Subject: Re: P2194R0 The character set of C++ source code is Unicode
From: Alisdair Meredith (alisdairm_at_[hidden])
Date: 2020-08-24 11:54:15
Looking into the wording more deeply, you are going to have to address
the notion of characters in identifiers, if you are no longer mapping into
UCNs, so we can no longer rely on non-digit handling that mapping for
This is probably best addressed in terms of
rather than trying for a different fix that will roll into that later.
Note that I was looking into a much more limited requirement to merely
requiore support for UTF-8 encoded source files as a well-speficied
mapping, rather than switching to unicode as the replacement for the
basic source character set. Once P1945 is adopted, I will have an
easier time buying into this paper, but in isolation is raises too many
tricky questions for me about unicode text in surprising places. I
suspect we will need a deeper review of the grammar around identiiers
and other tokens to flush all the issues out - which is largely what P1945
> On Aug 24, 2020, at 12:32, Peter Brett <pbrett_at_[hidden]> wrote:
> Hi Alisdair,
> Thank you for the feedback. That's a very good suggestion, thank you. It ties into the suggested change to processing of UCNs that we've discussed a few times.

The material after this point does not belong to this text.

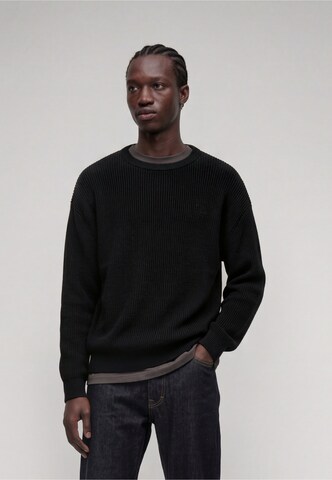 Pull-over Karl Kani en noir : devant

> When you have a u8"" literal, the associated literal encoding is UTF-8. When you have a 'plain' "" string literal, the associated literal encoding is implementation-defined.
> Best regards,
>> -----Original Message-----
>> From: Alisdair Meredith <alisdairm_at_[hidden] <mailto:alisdairm_at_[hidden]>>
>> Sent: 24 August 2020 17:29
>> To: SG16 <sg16_at_[hidden] <mailto:sg16_at_[hidden]>>
>> Cc: Peter Brett <pbrett_at_[hidden] <mailto:pbrett_at_[hidden]>>; Corentin <corentin.jabot_at_[hidden] <mailto:corentin.jabot_at_[hidden]>>
>> Subject: Re: [SG16] P2194R0 The character set of C++ source code is Unicode
>> EXTERNAL MAIL
>> Minor suggestion on the wording,
>> You strike the mapping of non-basic source code characters to
>> universal-character-name, including the cross-reference to such
>> mappings reverting in raw string literals (5.4). I suggest making
>> a matching edit to strike the reference in (5.4)p3 as well, so that
>> the only thing reverted is line splicing in phase 2.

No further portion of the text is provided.